A postura negacionista que Bolsonaro manteve desde o início da pandemia - apelidando de "gripezinha" a doença contagiosa que já matou milhares no seu país - torna (no minímo) suspeita esta aparente predisposição para assumir o contágio. É impossível aceitar as suas palavras como factos, e tudo leva a crer que o anúncio de contaminação terá outros interesses que o justifiquem. A promoção da hidroxicloroquina será apenas uma das hipóteses.
Screenshot do vídeo publicado por Jair Bolsonaro nas redes sociais, onde surge a tomar hidroxicloroquina
Ao assumir publicamente que foi infetado com covid-19, Bolsonaro consegue, não apenas patrocinar a sua tão adorada hidroxicloroquina (através de um vídeo obscenamente promocional, publicado pelo próprio nas suas redes sociais), como irá depois utilizar o seu testemunho para descredibilizar os efeitos da doença. Irá sempre tentar sair vitorioso e impune desta luta populista para mostrar que estamos todos a exagerar. Bolsonaro irá utilizar o facto de que foi contagiado para minimizar os efeitos da doença, sacudindo dos ombros a culpa pela irresponsabilidade governativa que (literalmente) enterrou grande parte do país.

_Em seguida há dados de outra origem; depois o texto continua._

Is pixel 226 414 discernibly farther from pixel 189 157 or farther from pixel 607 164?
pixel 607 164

Felipe Santa Cruz, Presidente da Ordem dos Advogados do Brasil
Mas não fica por aqui.
Na hipótese de o presidente estar de facto infetado, o quadro é ainda mais preocupante, em especial porque será impossível rastrear todos os contactos que já efetuou (basta pensar nas várias manifestações em que participou, nos diversos políticos com quem contactou, e na sua calorosa abordagem aos apoiantes, sempre sem máscara). Neste cenário o próprio Presidente assume um papel de grande impacto na disseminação do vírus, contribuindo para o agravar da situação pandémica num país cada vez mais ameaçado pela fome.
Apesar disso nada atrapalha Bolsonaro, que não se coibe de afirmar que “nenhum país do mundo fez como o Brasil", pois ali foi possível preservar "vidas e empregos sem espalhar pânico, o que também leva à depressão e à morte”.
Haverá comprimidos que curem esta falta de noção?